ACTIVITY:
Repeat each entry exactly, but do not carry over the pictures.
::::::
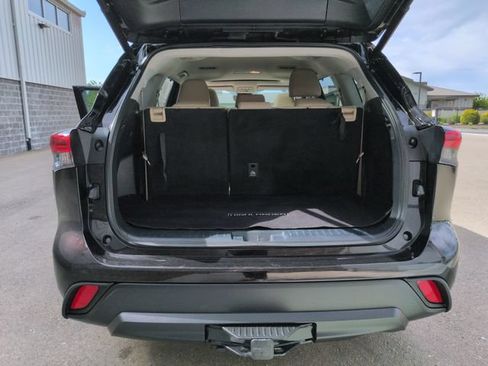 Used 2022 Toyota Highlander XLE AWD/4WD image 27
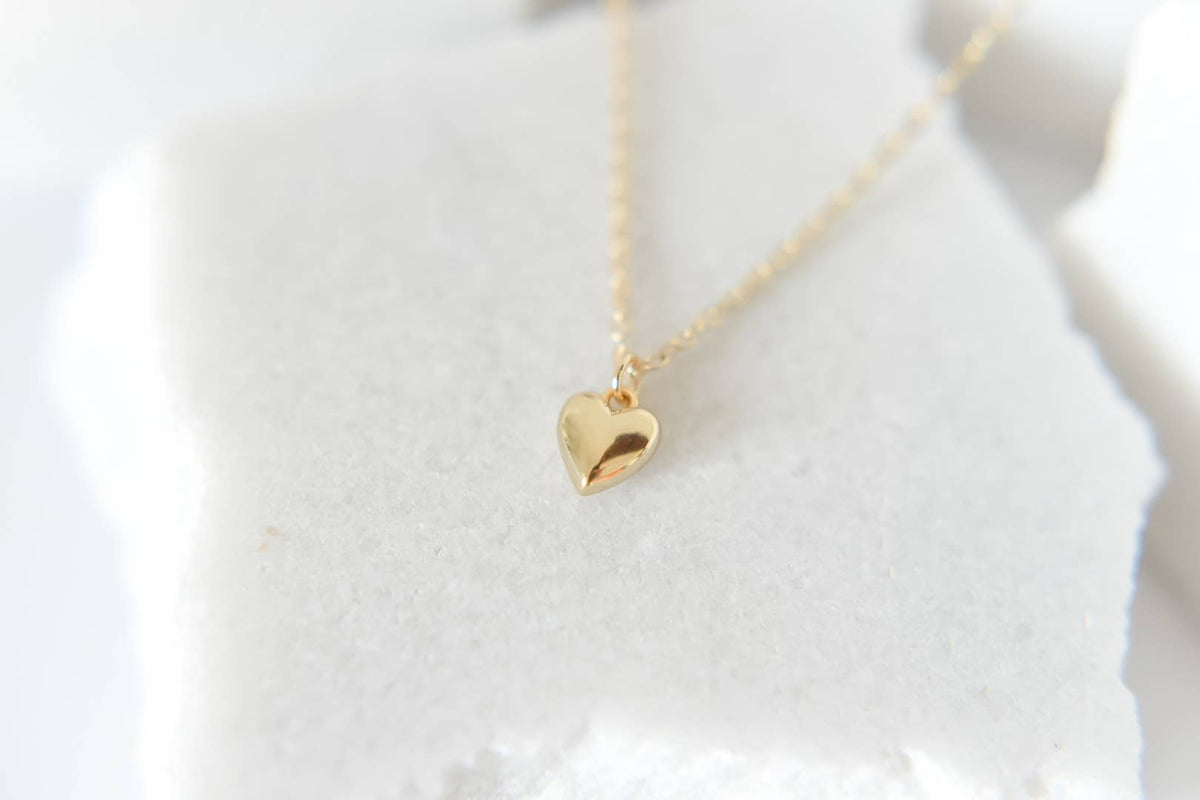 The Blakely 18k Gold Plated Dainty Bubble Heart Charm Necklace / Bella Rey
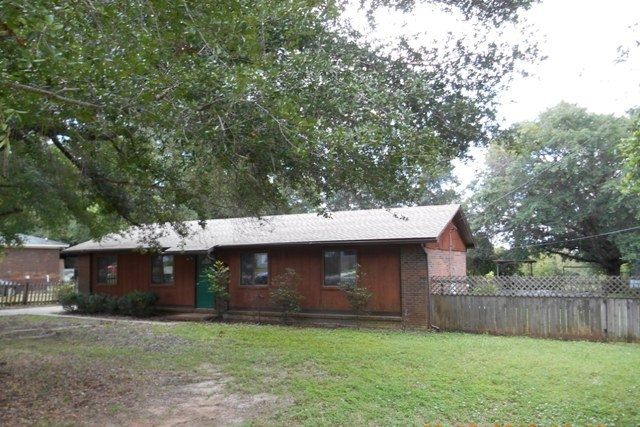 2952 Sholtz Avenue, Crestview, FL 32539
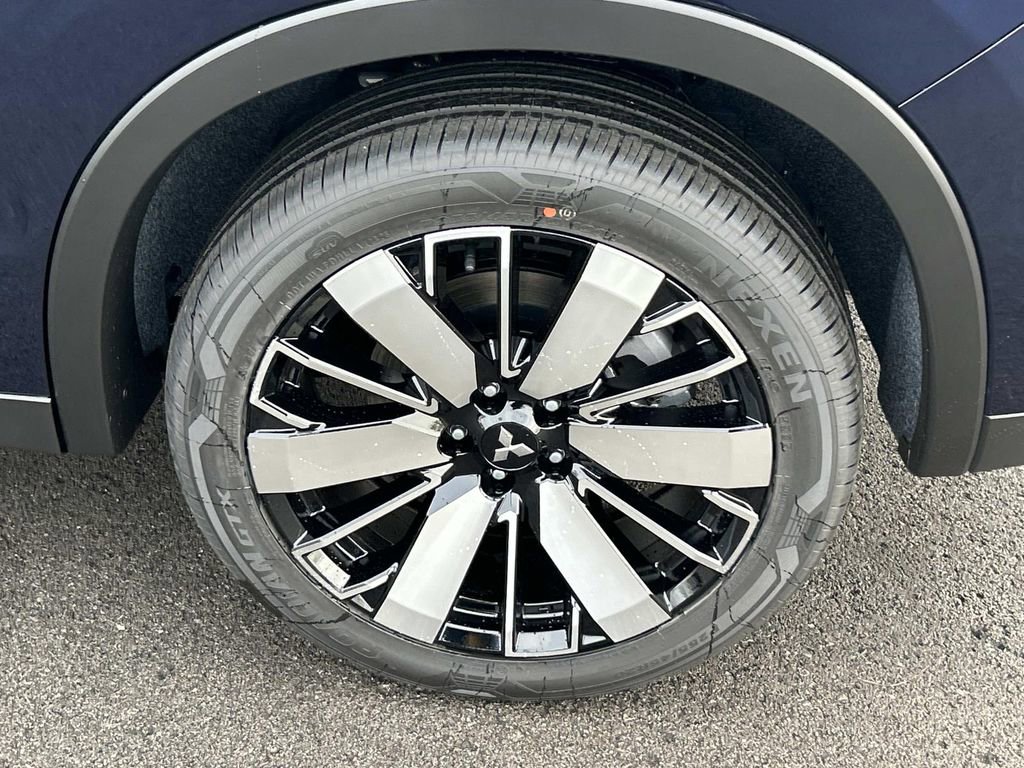 New 2026 Mitsubishi Outlander SE FWD image 13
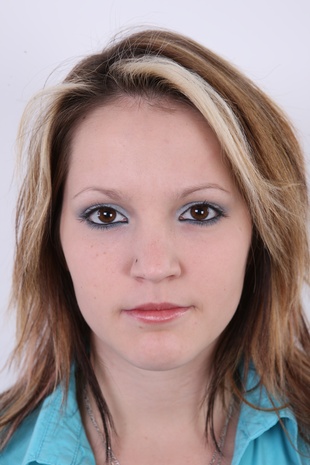 1. Download full pics of model Tereza (18) from czechcasting.com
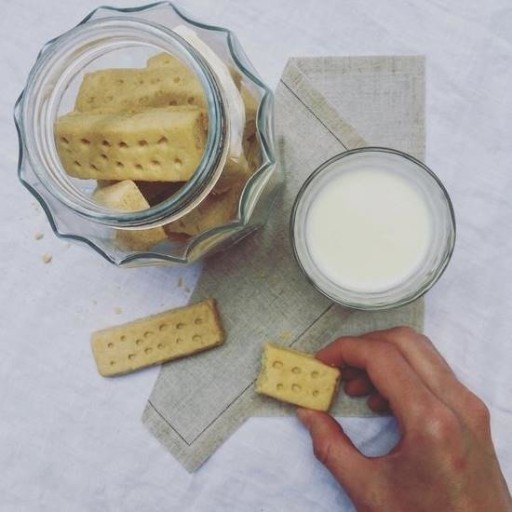 Walkers Shortbread Triangles cookies 150g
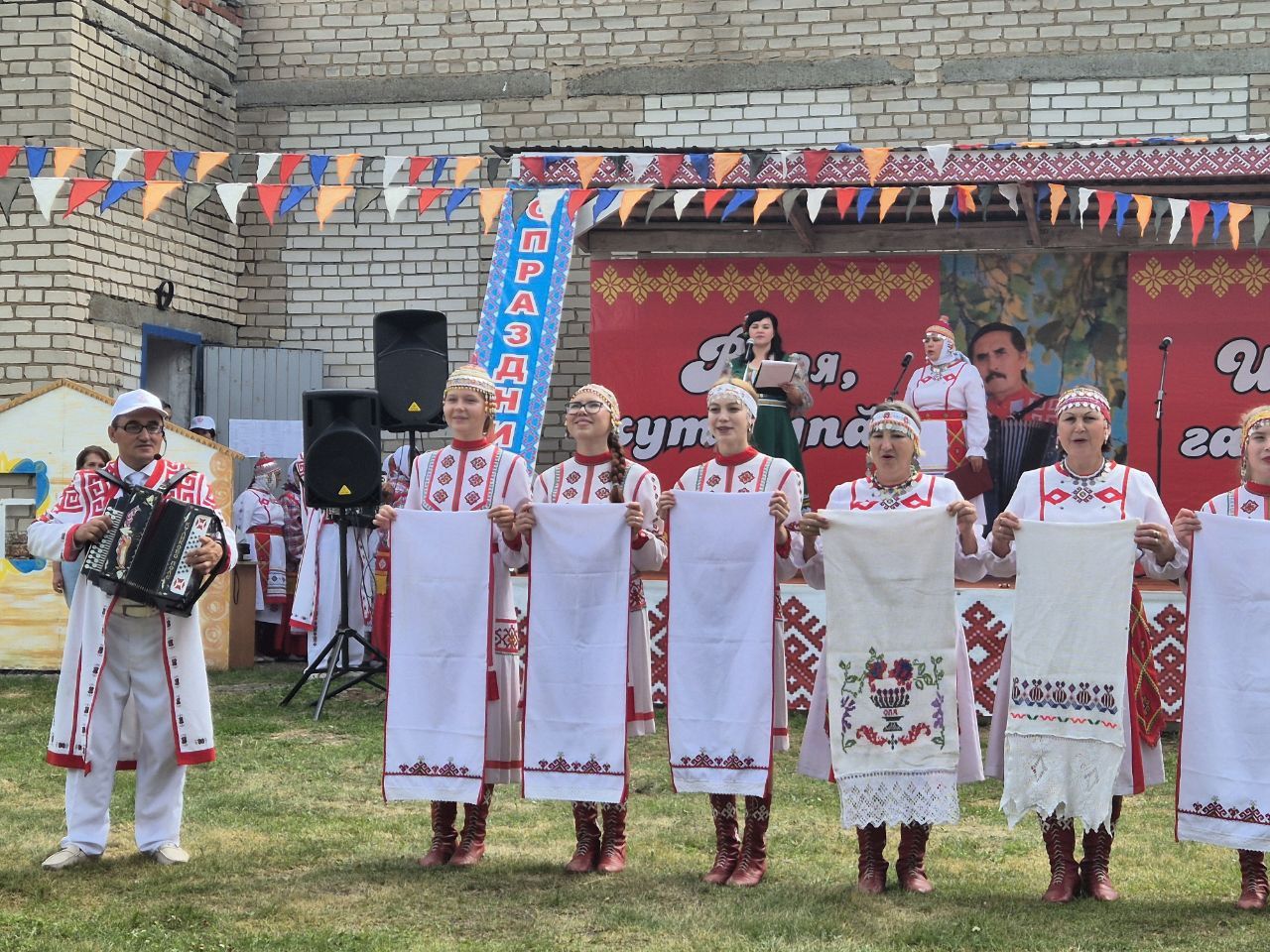 Чăваш Шупашкарӗнче иртнӗ «Выля, хут купăс!» фестиваль-конкурса ентешӗсем хăйсен манăçми тусне Петр Носкова халалларӗç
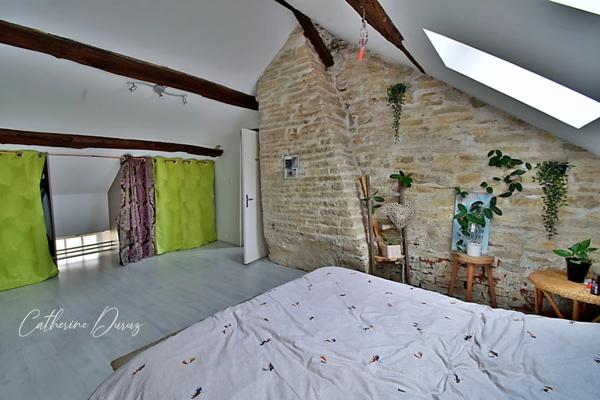 Maison à vendre 7 pièces 190 m2 -Dijon Sud Ouest 12 km - 5 chambres - garages - terrain de 398 m2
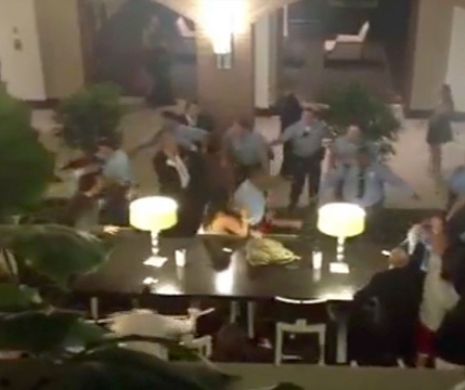 Bătaie epocală la NUNTĂ. Peste 100 de invitaţi au fost implicaţi, zeci de poliţişti au trebuit să intervină | VIDEO
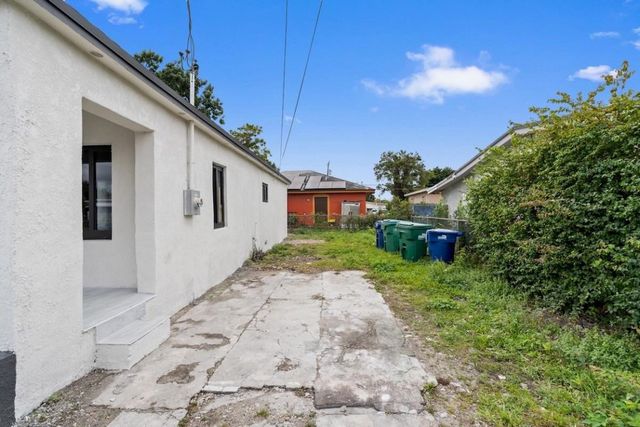 1430 NW 74th Street, Miami, FL 33147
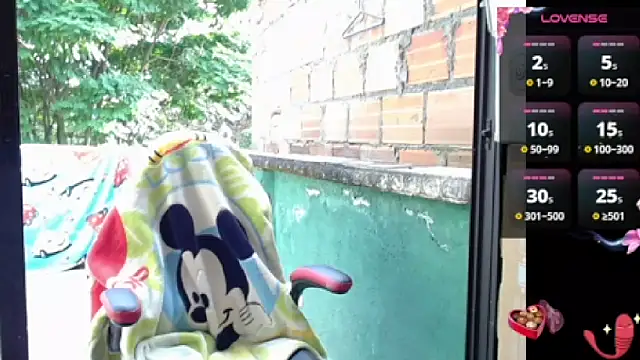 Snapshot of lvsaraa_sexy chatting on January 8, 2025, 10:06 pm lvsaraa sexy online show from January 8, 2025, 10:06 pm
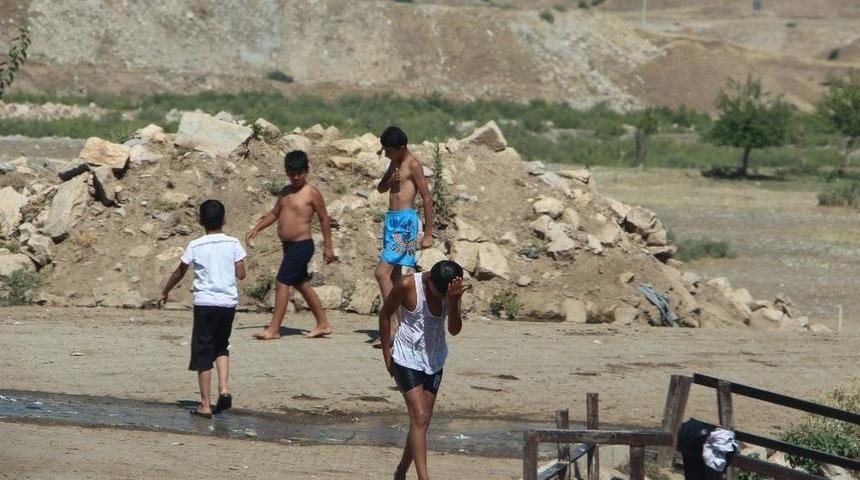 Silvan’da Çocuklar Tehlikeye Dalıyor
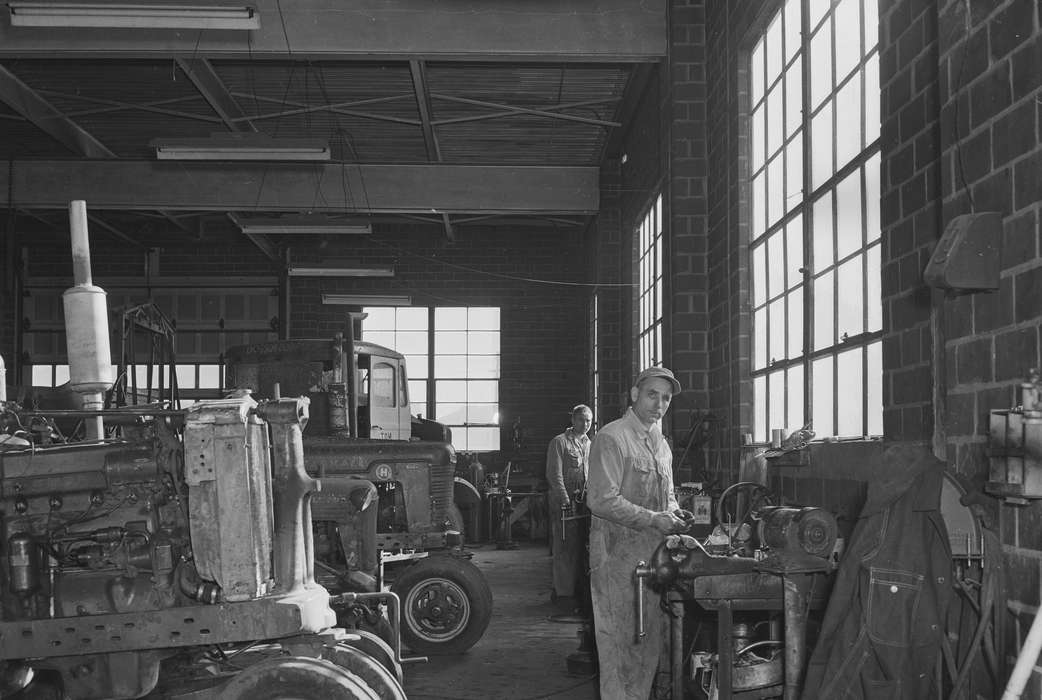 ia, Iowa, history, IA, Coon Rapids, Photos, factory workers, Portraits - Group, Coon Rapids Enterprise, tractor, historic, United States, Farming Equipment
::::::
WRITTEN SOLUTION:
 Used 2022 Toyota Highlander XLE AWD/4WD image 27
 The Blakely 18k Gold Plated Dainty Bubble Heart Charm Necklace / Bella Rey
 2952 Sholtz Avenue, Crestview, FL 32539
 New 2026 Mitsubishi Outlander SE FWD image 13
 1. Download full pics of model Tereza (18) from czechcasting.com
 Walkers Shortbread Triangles cookies 150g
 Чăваш Шупашкарӗнче иртнӗ «Выля, хут купăс!» фестиваль-конкурса ентешӗсем хăйсен манăçми тусне Петр Носкова халалларӗç
 Maison à vendre 7 pièces 190 m2 -Dijon Sud Ouest 12 km - 5 chambres - garages - terrain de 398 m2
 Bătaie epocală la NUNTĂ. Peste 100 de invitaţi au fost implicaţi, zeci de poliţişti au trebuit să intervină | VIDEO
 1430 NW 74th Street, Miami, FL 33147
 Snapshot of lvsaraa_sexy chatting on January 8, 2025, 10:06 pm lvsaraa sexy online show from January 8, 2025, 10:06 pm
 Silvan’da Çocuklar Tehlikeye Dalıyor
 ia, Iowa, history, IA, Coon Rapids, Photos, factory workers, Portraits - Group, Coon Rapids Enterprise, tractor, historic, United States, Farming Equipment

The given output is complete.